We’ve all taken many sales courses over the years. They all taught us to find the customer’s need, pain or problem and then demonstrate that our product or service is the best solution. They also taught us to find the real decision makers, the people with the power to make the purchase, and essentially make them like us—you know the cliches, “people buy from people they like”. Those approaches worked very well over the last 20 to 30 years and we all made a lot of money using them. But something happened a while ago that has made those techniques as obsolete as a car phone antenna on the rear window of your Bimmer—the Internet.
The Internet, along with today’s blazingly fast fiber optic networks, has put an astounding amount of power in buyers’ hands. Buyers no longer rely on professional salespeople to help them define a solution or determine which is best. In fact, it is not uncommon for buyers to know more about your product and your competitors’ products than you do.
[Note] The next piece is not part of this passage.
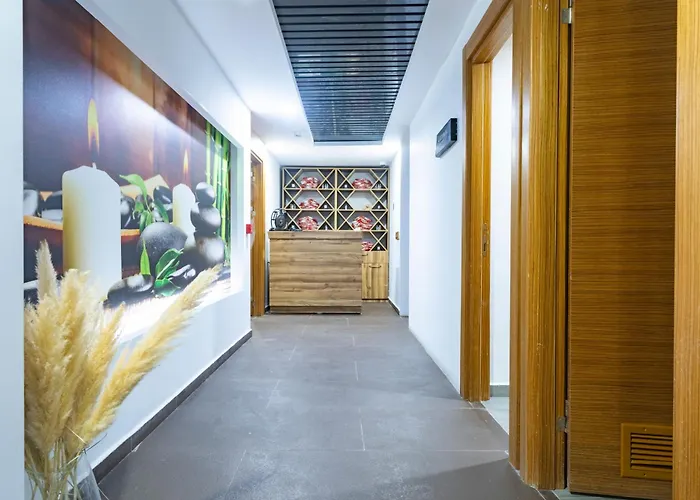 Hotel The Nowness Luxury & Adulty Only Çeşme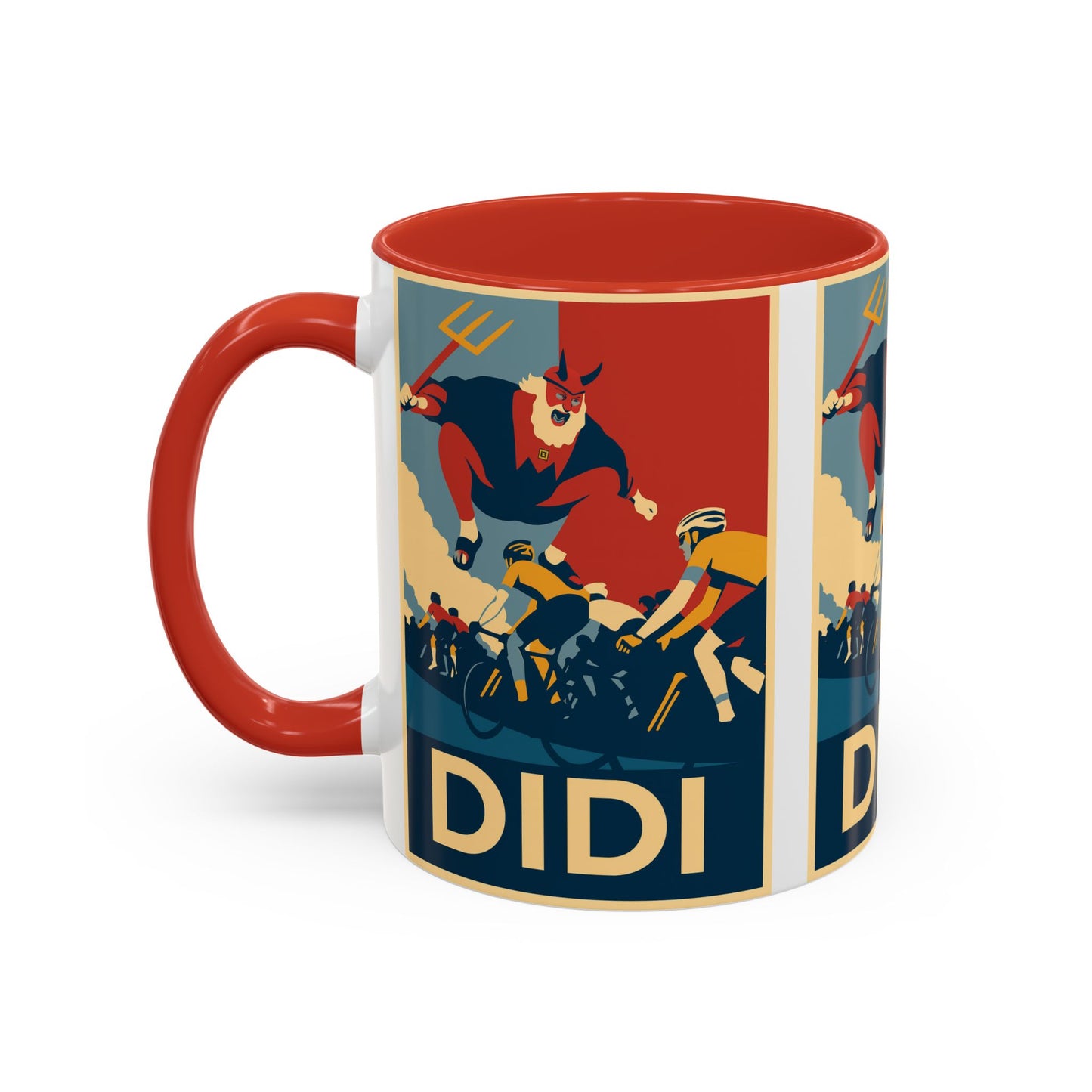Didi The Devil Big Tour de France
What does that mean for you?No matter how much they like you, buyers simply don’t need you very much, anymore. In their mind your value is helping them convince your management to lower your prices. And you know how well your management likes that.
What can you do to increase your value and boost your sales?
What can you do if your solutions, even custom solutions requiring talented professional services, get turned into commodities, such as dollars-per-hour? Clearly, if the old approaches aren’t working, it’s time for a new approach. It’s time to climb to the next rung on the value ladder; to go beyond providing solutions to problems. What is beyond solving a problem?
Achieving a goal.
Solutions are like bandages. They heal a pain. But, are people satisfied simply by not being in pain? Or, do they actually want to feel good, to go somewhere, to get something accomplished? You will be far more valuable to your customers if you help them achieve their goals, rather than just relieve their pain. But, goals can be achieved only by making changes that enable them. Now, more than ever, people and companies must continually change in order to remain competitive and to achieve their goals—whether business or personal.